- About this task:
Starting with the first line of the records, write out each line exactly until you have included the line containing "A riboflavin transporter".

- Data section:
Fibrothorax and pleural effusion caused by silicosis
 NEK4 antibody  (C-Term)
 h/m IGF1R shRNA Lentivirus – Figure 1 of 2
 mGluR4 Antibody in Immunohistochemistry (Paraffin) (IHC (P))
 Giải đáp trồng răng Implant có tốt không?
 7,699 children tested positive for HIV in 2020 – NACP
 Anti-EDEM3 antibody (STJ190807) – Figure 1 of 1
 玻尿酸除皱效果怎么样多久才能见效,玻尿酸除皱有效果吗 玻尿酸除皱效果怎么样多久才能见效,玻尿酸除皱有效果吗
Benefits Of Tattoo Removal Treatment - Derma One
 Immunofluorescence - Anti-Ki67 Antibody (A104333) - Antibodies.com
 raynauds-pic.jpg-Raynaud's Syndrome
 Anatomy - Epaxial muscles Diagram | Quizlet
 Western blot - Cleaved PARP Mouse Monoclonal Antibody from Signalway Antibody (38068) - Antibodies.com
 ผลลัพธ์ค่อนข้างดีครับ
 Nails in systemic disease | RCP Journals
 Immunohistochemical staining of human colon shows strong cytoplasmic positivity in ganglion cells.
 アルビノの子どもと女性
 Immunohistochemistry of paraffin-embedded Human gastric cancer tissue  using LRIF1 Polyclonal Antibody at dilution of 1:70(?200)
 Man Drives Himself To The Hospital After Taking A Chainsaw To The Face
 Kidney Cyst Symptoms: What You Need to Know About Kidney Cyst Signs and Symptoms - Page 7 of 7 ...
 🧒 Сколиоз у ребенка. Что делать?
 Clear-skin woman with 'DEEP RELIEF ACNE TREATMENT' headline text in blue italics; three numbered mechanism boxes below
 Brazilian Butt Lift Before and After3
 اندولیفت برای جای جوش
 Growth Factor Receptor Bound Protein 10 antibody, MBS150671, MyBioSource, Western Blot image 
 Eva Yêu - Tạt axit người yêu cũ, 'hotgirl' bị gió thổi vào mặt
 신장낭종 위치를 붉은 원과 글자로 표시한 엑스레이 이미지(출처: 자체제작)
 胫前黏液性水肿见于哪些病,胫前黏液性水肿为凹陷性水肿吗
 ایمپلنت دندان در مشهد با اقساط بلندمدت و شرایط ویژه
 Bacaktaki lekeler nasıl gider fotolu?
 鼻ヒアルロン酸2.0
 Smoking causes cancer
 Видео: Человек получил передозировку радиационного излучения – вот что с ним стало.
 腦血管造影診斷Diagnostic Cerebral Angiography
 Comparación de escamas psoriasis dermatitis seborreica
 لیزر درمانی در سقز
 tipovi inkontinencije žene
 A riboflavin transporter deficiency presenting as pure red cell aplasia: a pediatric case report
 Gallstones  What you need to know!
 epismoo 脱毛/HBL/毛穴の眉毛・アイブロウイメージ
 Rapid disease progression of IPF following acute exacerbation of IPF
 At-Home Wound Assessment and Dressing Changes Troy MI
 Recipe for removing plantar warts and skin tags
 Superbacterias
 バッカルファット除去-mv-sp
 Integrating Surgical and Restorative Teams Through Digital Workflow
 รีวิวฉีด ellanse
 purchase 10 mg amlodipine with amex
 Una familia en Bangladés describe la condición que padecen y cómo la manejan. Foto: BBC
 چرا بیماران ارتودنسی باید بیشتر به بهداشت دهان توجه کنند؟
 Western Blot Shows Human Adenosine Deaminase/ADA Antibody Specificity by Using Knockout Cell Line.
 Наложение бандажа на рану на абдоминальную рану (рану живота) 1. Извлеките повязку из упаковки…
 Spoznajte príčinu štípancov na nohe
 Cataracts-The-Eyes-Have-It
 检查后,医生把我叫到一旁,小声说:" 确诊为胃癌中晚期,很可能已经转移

- The answer:
Fibrothorax and pleural effusion caused by silicosis
 NEK4 antibody  (C-Term)
 h/m IGF1R shRNA Lentivirus – Figure 1 of 2
 mGluR4 Antibody in Immunohistochemistry (Paraffin) (IHC (P))
 Giải đáp trồng răng Implant có tốt không?
 7,699 children tested positive for HIV in 2020 – NACP
 Anti-EDEM3 antibody (STJ190807) – Figure 1 of 1
 玻尿酸除皱效果怎么样多久才能见效,玻尿酸除皱有效果吗 玻尿酸除皱效果怎么样多久才能见效,玻尿酸除皱有效果吗
Benefits Of Tattoo Removal Treatment - Derma One
 Immunofluorescence - Anti-Ki67 Antibody (A104333) - Antibodies.com
 raynauds-pic.jpg-Raynaud's Syndrome
 Anatomy - Epaxial muscles Diagram | Quizlet
 Western blot - Cleaved PARP Mouse Monoclonal Antibody from Signalway Antibody (38068) - Antibodies.com
 ผลลัพธ์ค่อนข้างดีครับ
 Nails in systemic disease | RCP Journals
 Immunohistochemical staining of human colon shows strong cytoplasmic positivity in ganglion cells.
 アルビノの子どもと女性
 Immunohistochemistry of paraffin-embedded Human gastric cancer tissue  using LRIF1 Polyclonal Antibody at dilution of 1:70(?200)
 Man Drives Himself To The Hospital After Taking A Chainsaw To The Face
 Kidney Cyst Symptoms: What You Need to Know About Kidney Cyst Signs and Symptoms - Page 7 of 7 ...
 🧒 Сколиоз у ребенка. Что делать?
 Clear-skin woman with 'DEEP RELIEF ACNE TREATMENT' headline text in blue italics; three numbered mechanism boxes below
 Brazilian Butt Lift Before and After3
 اندولیفت برای جای جوش
 Growth Factor Receptor Bound Protein 10 antibody, MBS150671, MyBioSource, Western Blot image 
 Eva Yêu - Tạt axit người yêu cũ, 'hotgirl' bị gió thổi vào mặt
 신장낭종 위치를 붉은 원과 글자로 표시한 엑스레이 이미지(출처: 자체제작)
 胫前黏液性水肿见于哪些病,胫前黏液性水肿为凹陷性水肿吗
 ایمپلنت دندان در مشهد با اقساط بلندمدت و شرایط ویژه
 Bacaktaki lekeler nasıl gider fotolu?
 鼻ヒアルロン酸2.0
 Smoking causes cancer
 Видео: Человек получил передозировку радиационного излучения – вот что с ним стало.
 腦血管造影診斷Diagnostic Cerebral Angiography
 Comparación de escamas psoriasis dermatitis seborreica
 لیزر درمانی در سقز
 tipovi inkontinencije žene
 A riboflavin transporter deficiency presenting as pure red cell aplasia: a pediatric case report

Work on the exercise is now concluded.